◆ **GOAL OF THE EXERCISE**
In the copy, every record below must appear exactly as given, and no picture may appear.

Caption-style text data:

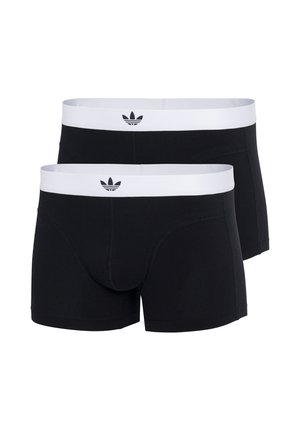 Boxer shorts noirs avec une ceinture élastique blanche portant un logo, fabriqués à partir d'un tissu lisse et extensible, épousant étroitement le corps.
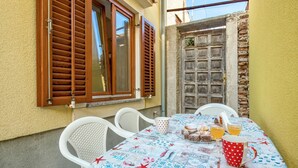 A table set for two with a tablecloth featuring nautical designs, a red heart-patterned mug, and a plate of desserts. - Gorgeous home in Susak with WiFi (Susak)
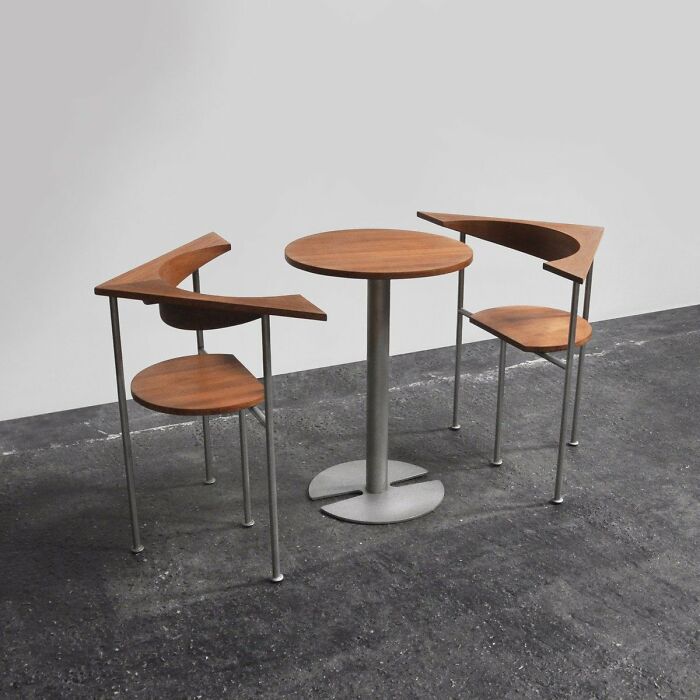 Modern interior design with minimalist wooden chairs and round table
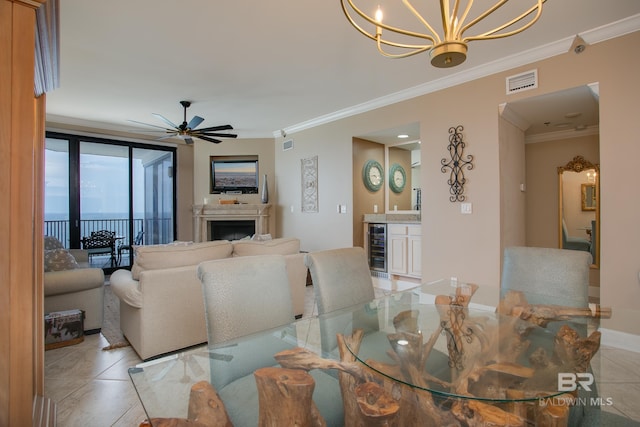 tiled dining area with ceiling fan with notable chandelier, beverage cooler, and crown molding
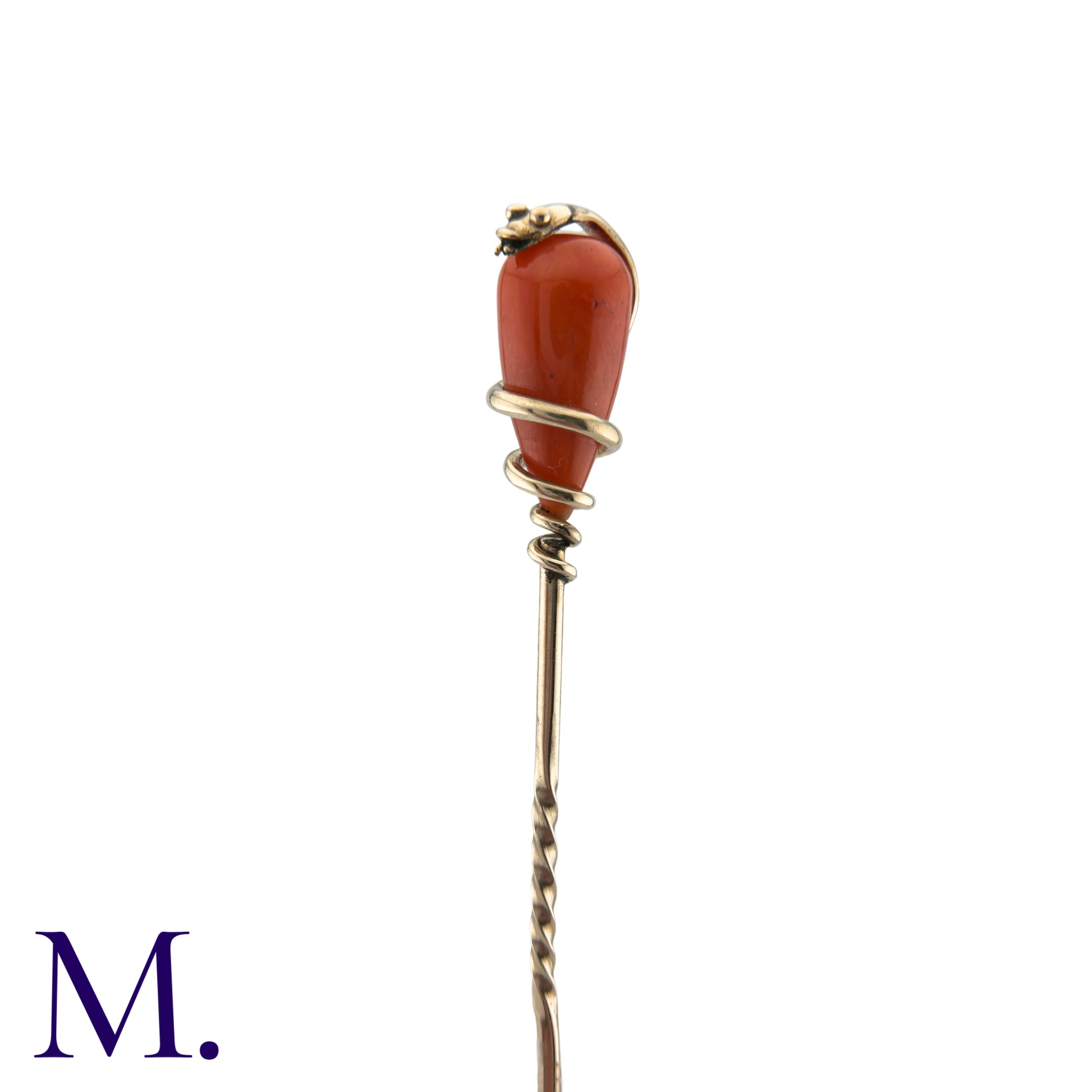A Coral Snake Stick Pin in yellow gold, comprising a polished coral drop encased in a coiled snake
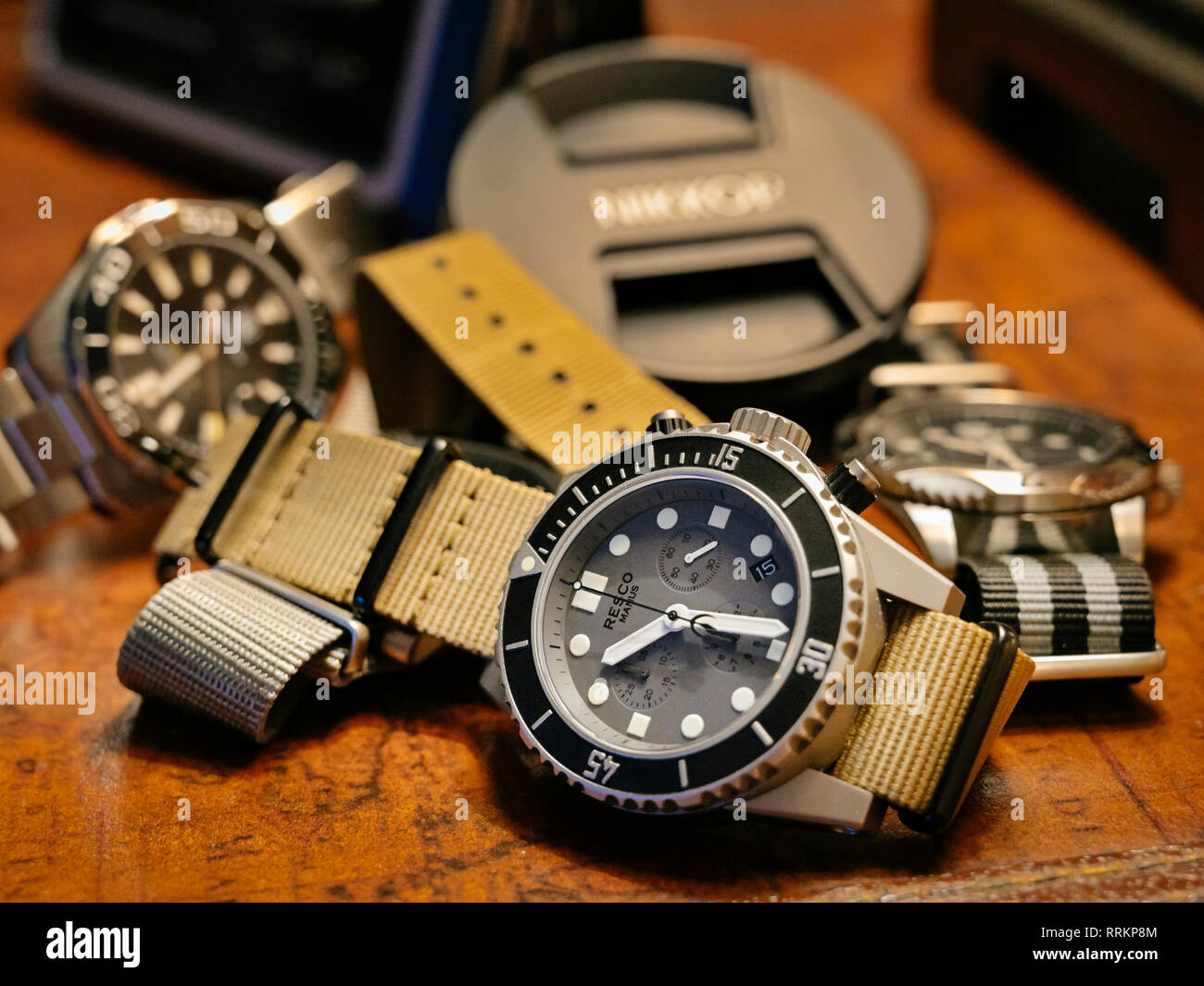 Group of men's luxury diver style wristwatches or timepieces on a dark wood background. Stock Photo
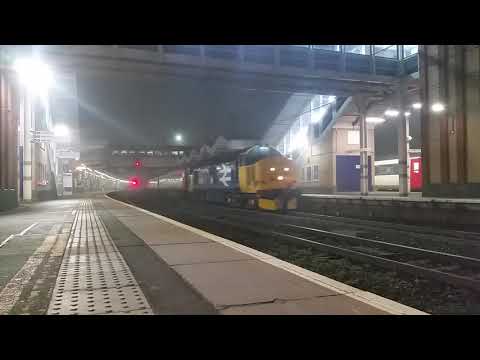 Large Logo 37402 with load 9 passes through a murky Ipswich Station
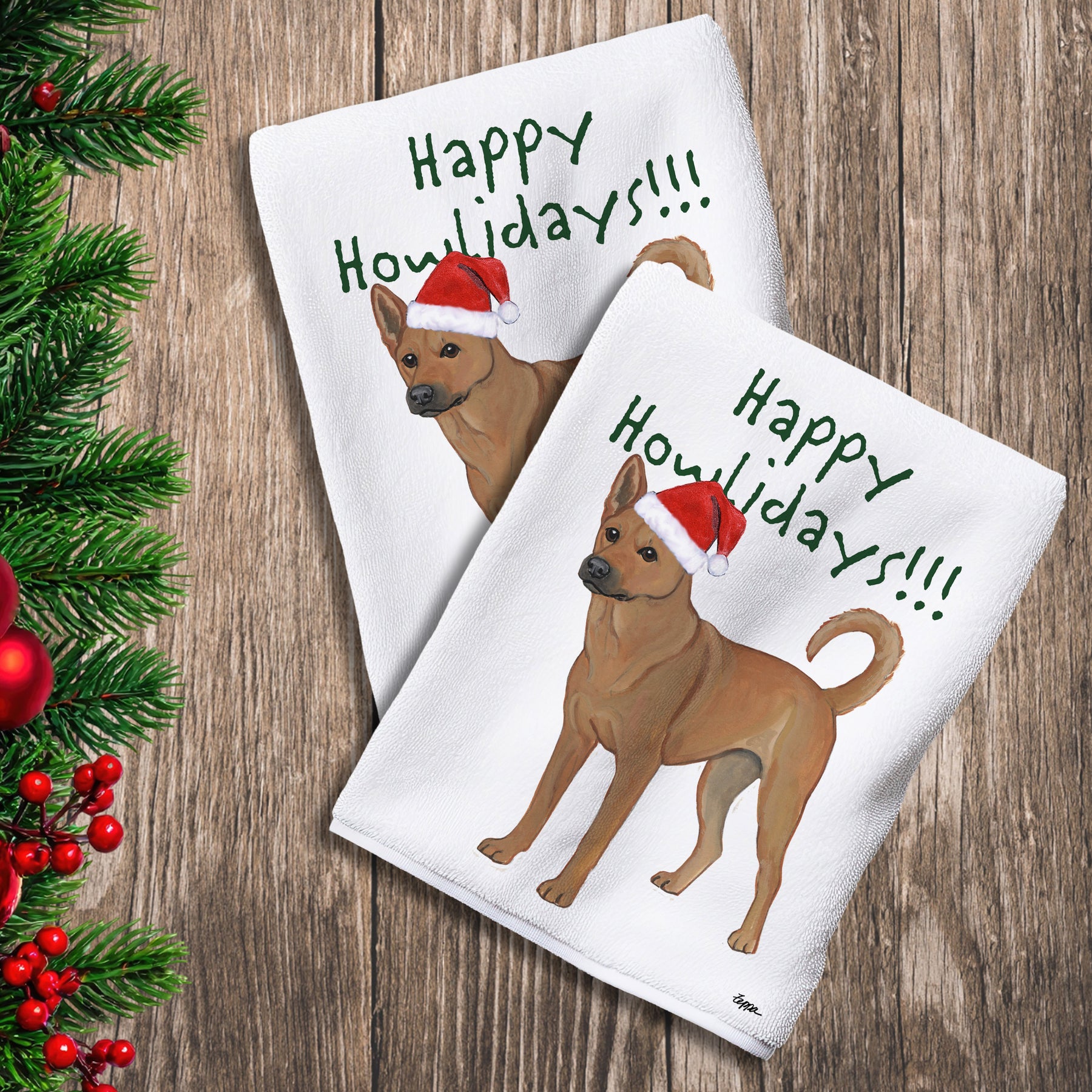 2 Kitchen Towels with a Carolina Dog in a Santa Hat and Happy Howlidays text.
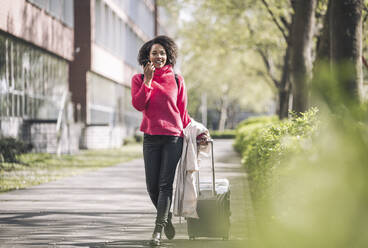 Businesswoman walking with wheeled luggage on footpath - UUF26006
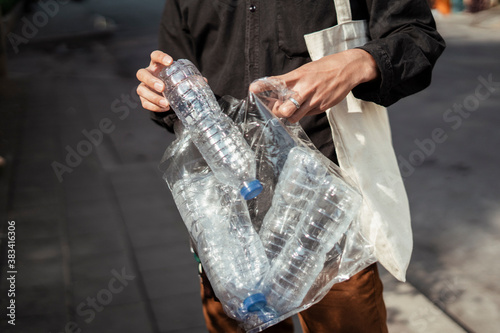Man collect plastic bag on street.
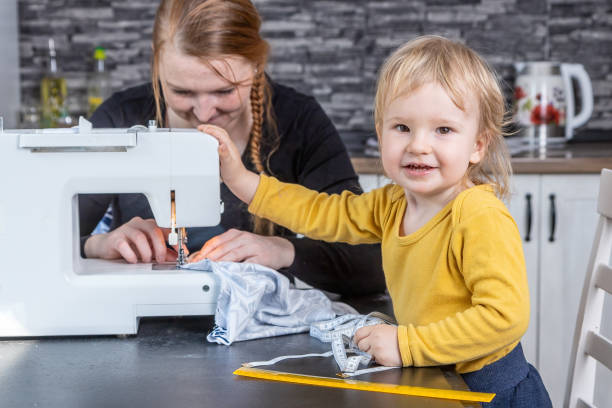 istock Young mother is sewing with her cute smiling liitle son together. 1313352794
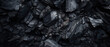 © Purple_Lamp - Close-up of a dark, heavy heap of varied coal.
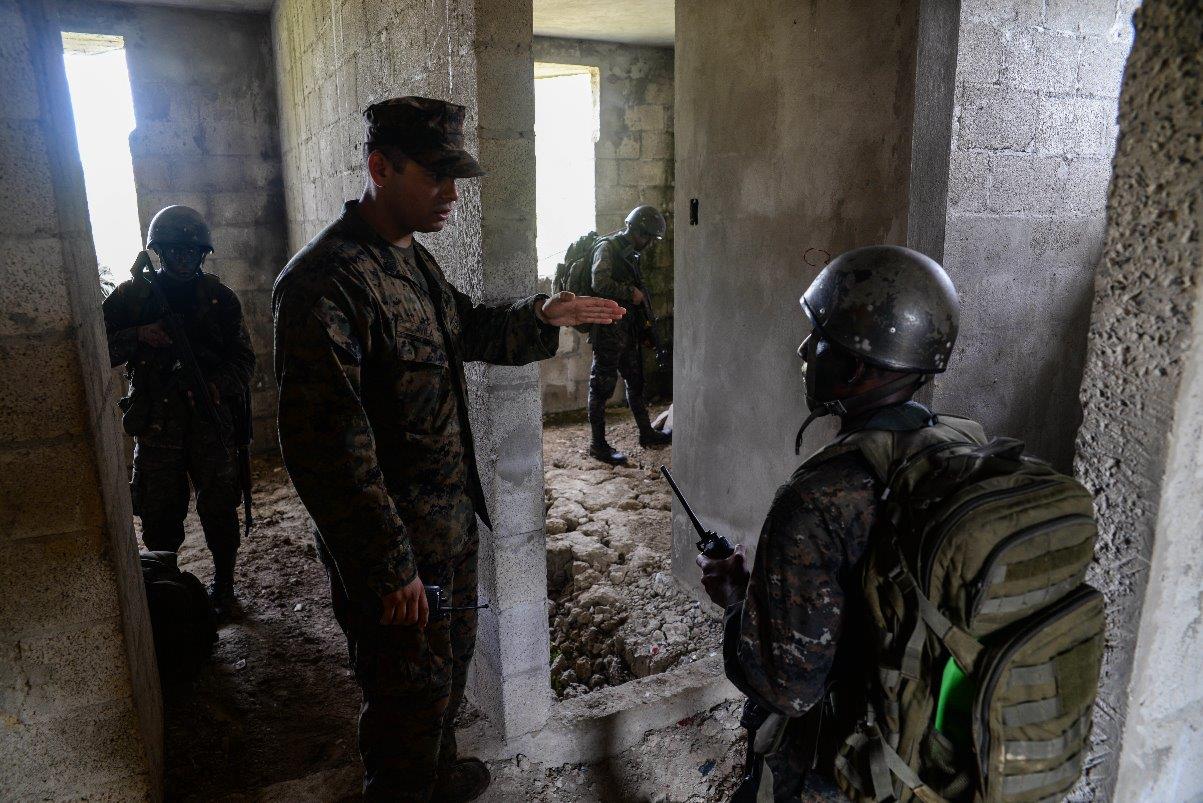 U.S. Marine Staff Sgt. Jorge Avila, instructor, gives directions to a Guatemalan Marine during a training exercise March 9, 2016, Guatemala.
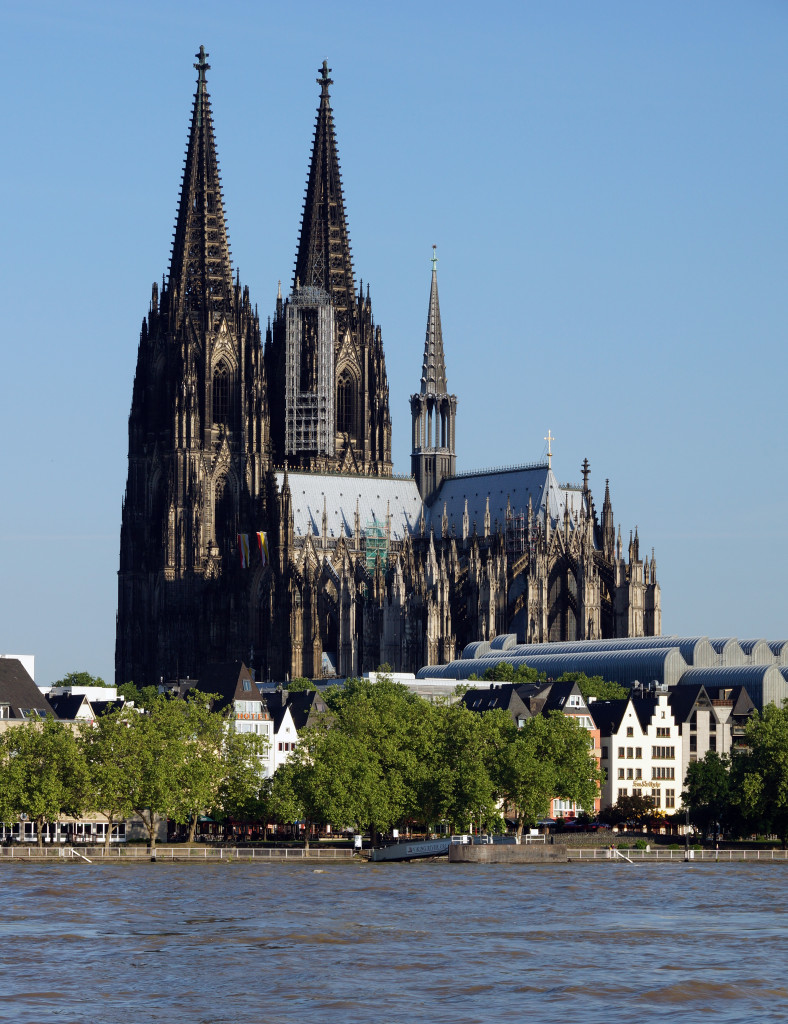 a large building with towers and a body of water with Cologne Cathedral in the background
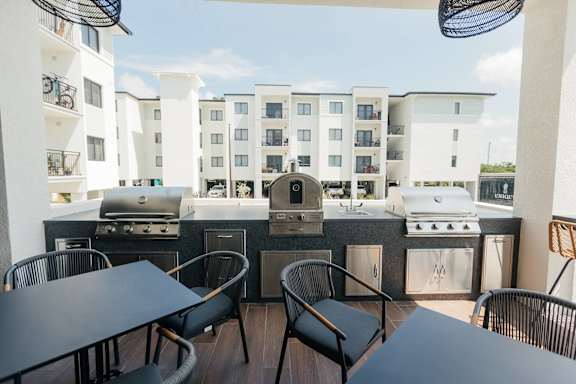 a patio with a grill and tables with chairs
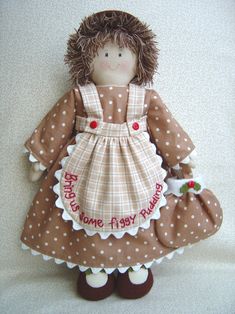 a brown and white doll wearing a dress with polka dots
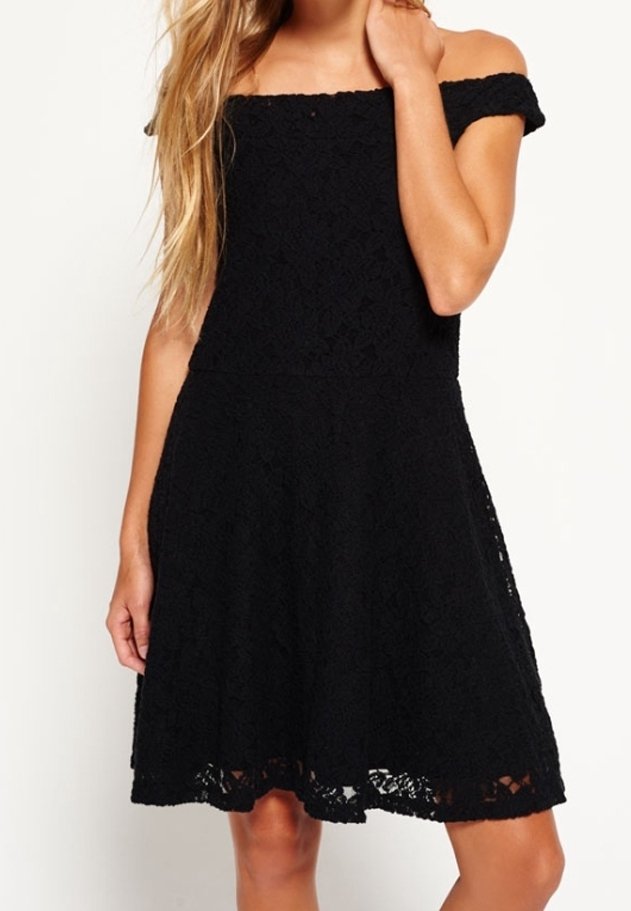 Femme portant une robe noire en dentelle épaules dénudées avec un corsage ajusté et une jupe évasée, debout devant un fond uni.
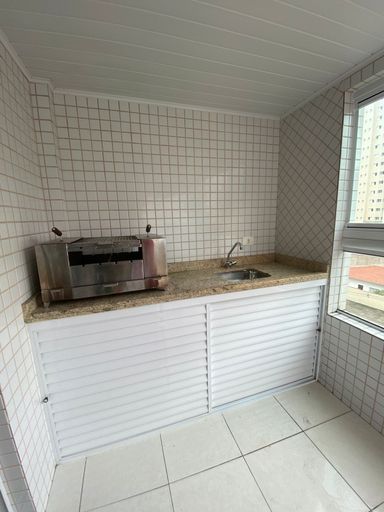 Sacada gourmet envidraçada.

◆ **OUTPUT**
 Boxer shorts noirs avec une ceinture élastique blanche portant un logo, fabriqués à partir d'un tissu lisse et extensible, épousant étroitement le corps.
 A table set for two with a tablecloth featuring nautical designs, a red heart-patterned mug, and a plate of desserts. - Gorgeous home in Susak with WiFi (Susak)
 Modern interior design with minimalist wooden chairs and round table
 tiled dining area with ceiling fan with notable chandelier, beverage cooler, and crown molding
A Coral Snake Stick Pin in yellow gold, comprising a polished coral drop encased in a coiled snake
 Group of men's luxury diver style wristwatches or timepieces on a dark wood background. Stock Photo
 Large Logo 37402 with load 9 passes through a murky Ipswich Station
 2 Kitchen Towels with a Carolina Dog in a Santa Hat and Happy Howlidays text.
 Businesswoman walking with wheeled luggage on footpath - UUF26006
Man collect plastic bag on street.
 istock Young mother is sewing with her cute smiling liitle son together. 1313352794
 © Purple_Lamp - Close-up of a dark, heavy heap of varied coal.
 U.S. Marine Staff Sgt. Jorge Avila, instructor, gives directions to a Guatemalan Marine during a training exercise March 9, 2016, Guatemala.
 a large building with towers and a body of water with Cologne Cathedral in the background
 a patio with a grill and tables with chairs
 a brown and white doll wearing a dress with polka dots
 Femme portant une robe noire en dentelle épaules dénudées avec un corsage ajusté et une jupe évasée, debout devant un fond uni.
 Sacada gourmet envidraçada.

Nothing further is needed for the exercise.